Exercise directions :: From the opening line of the records through the line bearing "TheOccupant Restraint Controller", set down every line exactly.

§ §

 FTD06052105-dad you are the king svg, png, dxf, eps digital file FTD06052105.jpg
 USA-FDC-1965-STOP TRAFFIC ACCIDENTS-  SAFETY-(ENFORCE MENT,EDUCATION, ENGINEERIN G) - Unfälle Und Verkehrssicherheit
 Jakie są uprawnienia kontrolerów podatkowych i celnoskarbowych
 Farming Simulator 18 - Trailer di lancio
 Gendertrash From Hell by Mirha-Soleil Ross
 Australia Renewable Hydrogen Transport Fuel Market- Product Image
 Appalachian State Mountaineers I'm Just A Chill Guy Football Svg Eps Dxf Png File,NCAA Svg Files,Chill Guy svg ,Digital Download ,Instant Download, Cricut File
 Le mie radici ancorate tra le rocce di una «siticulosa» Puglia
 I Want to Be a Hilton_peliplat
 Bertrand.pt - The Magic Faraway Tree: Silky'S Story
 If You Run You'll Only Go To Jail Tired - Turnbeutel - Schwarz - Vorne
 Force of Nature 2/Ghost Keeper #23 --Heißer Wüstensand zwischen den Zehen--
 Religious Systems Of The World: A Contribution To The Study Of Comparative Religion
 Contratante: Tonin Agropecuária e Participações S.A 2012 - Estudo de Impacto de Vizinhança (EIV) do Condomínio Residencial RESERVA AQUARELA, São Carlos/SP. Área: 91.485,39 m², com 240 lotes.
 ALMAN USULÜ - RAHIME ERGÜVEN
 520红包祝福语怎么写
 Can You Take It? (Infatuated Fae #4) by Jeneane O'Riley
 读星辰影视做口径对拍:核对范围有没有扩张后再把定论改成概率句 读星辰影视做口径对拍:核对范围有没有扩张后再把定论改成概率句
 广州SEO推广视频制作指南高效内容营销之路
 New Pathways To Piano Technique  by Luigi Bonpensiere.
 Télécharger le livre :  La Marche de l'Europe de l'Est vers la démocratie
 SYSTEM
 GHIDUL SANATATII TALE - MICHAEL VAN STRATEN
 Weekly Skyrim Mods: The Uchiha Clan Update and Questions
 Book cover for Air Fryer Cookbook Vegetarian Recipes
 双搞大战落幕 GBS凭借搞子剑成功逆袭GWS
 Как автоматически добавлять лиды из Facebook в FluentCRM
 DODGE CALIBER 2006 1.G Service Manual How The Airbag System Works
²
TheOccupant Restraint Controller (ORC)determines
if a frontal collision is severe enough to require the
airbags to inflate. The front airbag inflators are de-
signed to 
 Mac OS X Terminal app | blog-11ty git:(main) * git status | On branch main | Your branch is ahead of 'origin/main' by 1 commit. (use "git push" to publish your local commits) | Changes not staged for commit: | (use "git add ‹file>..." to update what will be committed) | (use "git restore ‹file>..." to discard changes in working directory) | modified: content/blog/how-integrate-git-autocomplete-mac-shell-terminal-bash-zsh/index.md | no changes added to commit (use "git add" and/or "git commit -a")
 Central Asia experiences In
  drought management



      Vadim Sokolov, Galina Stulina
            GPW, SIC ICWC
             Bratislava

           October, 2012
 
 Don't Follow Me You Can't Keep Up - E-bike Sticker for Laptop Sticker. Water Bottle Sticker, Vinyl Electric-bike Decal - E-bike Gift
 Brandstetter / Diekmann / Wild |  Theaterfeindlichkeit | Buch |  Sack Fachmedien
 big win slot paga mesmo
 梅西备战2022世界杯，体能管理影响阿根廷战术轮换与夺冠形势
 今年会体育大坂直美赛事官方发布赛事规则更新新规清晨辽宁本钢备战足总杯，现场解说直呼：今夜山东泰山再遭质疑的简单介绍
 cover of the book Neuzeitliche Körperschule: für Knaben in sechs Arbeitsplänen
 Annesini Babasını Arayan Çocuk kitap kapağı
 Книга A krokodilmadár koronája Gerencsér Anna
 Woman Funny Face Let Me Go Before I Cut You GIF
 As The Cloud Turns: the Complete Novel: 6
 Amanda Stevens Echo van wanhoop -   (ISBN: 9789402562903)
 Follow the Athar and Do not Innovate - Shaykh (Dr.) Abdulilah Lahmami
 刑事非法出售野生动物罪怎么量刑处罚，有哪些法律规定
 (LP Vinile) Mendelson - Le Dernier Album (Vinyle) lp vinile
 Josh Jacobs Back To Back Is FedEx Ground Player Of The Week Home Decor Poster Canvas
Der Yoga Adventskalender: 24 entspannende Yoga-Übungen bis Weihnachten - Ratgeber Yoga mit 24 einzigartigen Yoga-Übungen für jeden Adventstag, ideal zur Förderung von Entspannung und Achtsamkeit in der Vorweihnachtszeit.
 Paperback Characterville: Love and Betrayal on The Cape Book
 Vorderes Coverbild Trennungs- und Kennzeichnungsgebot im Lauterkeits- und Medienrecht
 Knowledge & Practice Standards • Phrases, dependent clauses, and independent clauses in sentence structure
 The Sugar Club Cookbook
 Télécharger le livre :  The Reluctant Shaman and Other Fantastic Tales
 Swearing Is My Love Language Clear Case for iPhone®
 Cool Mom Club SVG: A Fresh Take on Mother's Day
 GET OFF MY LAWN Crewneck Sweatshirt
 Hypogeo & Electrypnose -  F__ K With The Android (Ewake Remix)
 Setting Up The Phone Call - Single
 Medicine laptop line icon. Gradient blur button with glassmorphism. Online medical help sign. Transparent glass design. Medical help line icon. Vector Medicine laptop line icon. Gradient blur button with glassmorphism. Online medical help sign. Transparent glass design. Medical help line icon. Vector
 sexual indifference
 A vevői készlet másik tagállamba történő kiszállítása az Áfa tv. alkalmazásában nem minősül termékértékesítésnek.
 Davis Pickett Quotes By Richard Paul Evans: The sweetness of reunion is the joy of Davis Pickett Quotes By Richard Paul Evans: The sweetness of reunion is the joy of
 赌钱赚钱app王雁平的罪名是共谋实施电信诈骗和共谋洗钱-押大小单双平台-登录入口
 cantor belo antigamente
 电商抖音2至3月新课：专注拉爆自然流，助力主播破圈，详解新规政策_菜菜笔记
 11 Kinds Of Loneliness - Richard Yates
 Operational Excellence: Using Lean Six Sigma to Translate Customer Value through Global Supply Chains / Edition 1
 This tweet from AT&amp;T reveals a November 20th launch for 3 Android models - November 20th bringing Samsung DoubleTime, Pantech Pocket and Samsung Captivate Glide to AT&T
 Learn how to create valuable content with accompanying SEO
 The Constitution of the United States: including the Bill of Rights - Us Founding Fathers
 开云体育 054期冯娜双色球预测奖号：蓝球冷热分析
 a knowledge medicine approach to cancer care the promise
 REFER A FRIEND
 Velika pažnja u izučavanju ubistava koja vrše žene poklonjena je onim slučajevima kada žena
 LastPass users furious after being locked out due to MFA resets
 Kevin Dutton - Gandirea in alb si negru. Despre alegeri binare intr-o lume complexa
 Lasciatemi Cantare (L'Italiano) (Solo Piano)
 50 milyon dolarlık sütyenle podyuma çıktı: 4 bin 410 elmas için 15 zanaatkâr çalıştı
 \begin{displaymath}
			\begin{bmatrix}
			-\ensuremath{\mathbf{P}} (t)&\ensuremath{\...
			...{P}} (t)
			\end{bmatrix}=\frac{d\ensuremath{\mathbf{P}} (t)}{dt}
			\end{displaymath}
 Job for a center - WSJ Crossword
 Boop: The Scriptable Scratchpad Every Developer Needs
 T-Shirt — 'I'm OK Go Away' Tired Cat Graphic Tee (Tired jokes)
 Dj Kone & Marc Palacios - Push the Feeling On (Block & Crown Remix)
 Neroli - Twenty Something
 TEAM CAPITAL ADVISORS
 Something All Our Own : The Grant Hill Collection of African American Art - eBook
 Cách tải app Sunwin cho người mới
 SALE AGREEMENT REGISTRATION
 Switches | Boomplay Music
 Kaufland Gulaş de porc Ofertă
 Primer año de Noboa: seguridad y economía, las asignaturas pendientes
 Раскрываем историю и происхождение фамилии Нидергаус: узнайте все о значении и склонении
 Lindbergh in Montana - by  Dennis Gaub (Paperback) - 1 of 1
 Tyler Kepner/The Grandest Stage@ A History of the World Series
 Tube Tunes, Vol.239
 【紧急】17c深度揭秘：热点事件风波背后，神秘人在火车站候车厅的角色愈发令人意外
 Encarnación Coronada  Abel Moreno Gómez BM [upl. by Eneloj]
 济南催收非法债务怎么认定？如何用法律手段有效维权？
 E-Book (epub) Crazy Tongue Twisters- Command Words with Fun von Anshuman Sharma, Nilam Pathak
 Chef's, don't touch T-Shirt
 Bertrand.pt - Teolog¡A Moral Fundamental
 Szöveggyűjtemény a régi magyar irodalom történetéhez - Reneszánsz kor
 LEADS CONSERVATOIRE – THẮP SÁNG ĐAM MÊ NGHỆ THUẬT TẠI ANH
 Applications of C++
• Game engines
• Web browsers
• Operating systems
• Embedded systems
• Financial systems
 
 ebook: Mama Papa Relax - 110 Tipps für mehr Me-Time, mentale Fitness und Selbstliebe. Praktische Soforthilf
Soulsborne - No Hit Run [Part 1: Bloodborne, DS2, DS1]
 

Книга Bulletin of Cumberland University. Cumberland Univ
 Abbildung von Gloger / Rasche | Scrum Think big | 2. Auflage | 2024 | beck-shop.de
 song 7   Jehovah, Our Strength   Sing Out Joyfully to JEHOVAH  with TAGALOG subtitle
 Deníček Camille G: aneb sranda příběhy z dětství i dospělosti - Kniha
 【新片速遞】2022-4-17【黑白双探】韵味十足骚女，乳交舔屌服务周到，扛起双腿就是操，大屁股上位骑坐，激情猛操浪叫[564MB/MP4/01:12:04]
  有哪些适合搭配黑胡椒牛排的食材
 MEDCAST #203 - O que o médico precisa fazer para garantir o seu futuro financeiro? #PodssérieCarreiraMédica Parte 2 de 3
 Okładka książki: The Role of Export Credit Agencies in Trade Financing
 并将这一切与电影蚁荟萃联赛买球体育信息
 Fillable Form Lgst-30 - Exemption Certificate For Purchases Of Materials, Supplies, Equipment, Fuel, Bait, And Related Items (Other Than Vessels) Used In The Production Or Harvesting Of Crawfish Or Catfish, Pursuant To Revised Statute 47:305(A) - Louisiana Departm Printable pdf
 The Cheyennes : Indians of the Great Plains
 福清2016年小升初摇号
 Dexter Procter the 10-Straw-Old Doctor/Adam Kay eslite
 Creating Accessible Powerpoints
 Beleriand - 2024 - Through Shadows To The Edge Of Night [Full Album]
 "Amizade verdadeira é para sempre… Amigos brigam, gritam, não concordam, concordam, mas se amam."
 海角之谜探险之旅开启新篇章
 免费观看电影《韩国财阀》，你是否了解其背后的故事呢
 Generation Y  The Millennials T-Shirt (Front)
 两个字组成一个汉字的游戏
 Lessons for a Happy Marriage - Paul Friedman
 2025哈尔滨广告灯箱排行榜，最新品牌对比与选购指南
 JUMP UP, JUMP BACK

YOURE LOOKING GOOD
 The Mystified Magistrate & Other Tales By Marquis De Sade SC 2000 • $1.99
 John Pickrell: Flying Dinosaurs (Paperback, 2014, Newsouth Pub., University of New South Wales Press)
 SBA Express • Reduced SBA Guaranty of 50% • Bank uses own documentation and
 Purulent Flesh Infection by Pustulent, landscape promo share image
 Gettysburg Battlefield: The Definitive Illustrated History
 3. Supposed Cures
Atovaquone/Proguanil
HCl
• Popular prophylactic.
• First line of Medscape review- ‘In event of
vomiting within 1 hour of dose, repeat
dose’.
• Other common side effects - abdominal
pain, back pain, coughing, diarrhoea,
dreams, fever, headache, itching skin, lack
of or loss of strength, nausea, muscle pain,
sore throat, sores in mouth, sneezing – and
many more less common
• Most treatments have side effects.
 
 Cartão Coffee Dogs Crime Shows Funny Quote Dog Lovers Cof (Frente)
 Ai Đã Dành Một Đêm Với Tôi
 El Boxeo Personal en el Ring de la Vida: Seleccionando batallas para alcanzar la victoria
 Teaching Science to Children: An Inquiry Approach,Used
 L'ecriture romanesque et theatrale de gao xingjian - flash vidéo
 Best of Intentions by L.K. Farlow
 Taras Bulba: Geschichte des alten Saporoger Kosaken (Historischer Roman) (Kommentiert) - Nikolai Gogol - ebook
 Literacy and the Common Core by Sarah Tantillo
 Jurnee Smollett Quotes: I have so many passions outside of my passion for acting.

§ §

Reply to the exercise ::
 FTD06052105-dad you are the king svg, png, dxf, eps digital file FTD06052105.jpg
 USA-FDC-1965-STOP TRAFFIC ACCIDENTS-  SAFETY-(ENFORCE MENT,EDUCATION, ENGINEERIN G) - Unfälle Und Verkehrssicherheit
 Jakie są uprawnienia kontrolerów podatkowych i celnoskarbowych
 Farming Simulator 18 - Trailer di lancio
 Gendertrash From Hell by Mirha-Soleil Ross
 Australia Renewable Hydrogen Transport Fuel Market- Product Image
 Appalachian State Mountaineers I'm Just A Chill Guy Football Svg Eps Dxf Png File,NCAA Svg Files,Chill Guy svg ,Digital Download ,Instant Download, Cricut File
 Le mie radici ancorate tra le rocce di una «siticulosa» Puglia
 I Want to Be a Hilton_peliplat
 Bertrand.pt - The Magic Faraway Tree: Silky'S Story
 If You Run You'll Only Go To Jail Tired - Turnbeutel - Schwarz - Vorne
 Force of Nature 2/Ghost Keeper #23 --Heißer Wüstensand zwischen den Zehen--
 Religious Systems Of The World: A Contribution To The Study Of Comparative Religion
 Contratante: Tonin Agropecuária e Participações S.A 2012 - Estudo de Impacto de Vizinhança (EIV) do Condomínio Residencial RESERVA AQUARELA, São Carlos/SP. Área: 91.485,39 m², com 240 lotes.
 ALMAN USULÜ - RAHIME ERGÜVEN
 520红包祝福语怎么写
 Can You Take It? (Infatuated Fae #4) by Jeneane O'Riley
 读星辰影视做口径对拍:核对范围有没有扩张后再把定论改成概率句 读星辰影视做口径对拍:核对范围有没有扩张后再把定论改成概率句
 广州SEO推广视频制作指南高效内容营销之路
 New Pathways To Piano Technique  by Luigi Bonpensiere.
 Télécharger le livre :  La Marche de l'Europe de l'Est vers la démocratie
 SYSTEM
 GHIDUL SANATATII TALE - MICHAEL VAN STRATEN
 Weekly Skyrim Mods: The Uchiha Clan Update and Questions
 Book cover for Air Fryer Cookbook Vegetarian Recipes
 双搞大战落幕 GBS凭借搞子剑成功逆袭GWS
 Как автоматически добавлять лиды из Facebook в FluentCRM
 DODGE CALIBER 2006 1.G Service Manual How The Airbag System Works
²
TheOccupant Restraint Controller (ORC)determines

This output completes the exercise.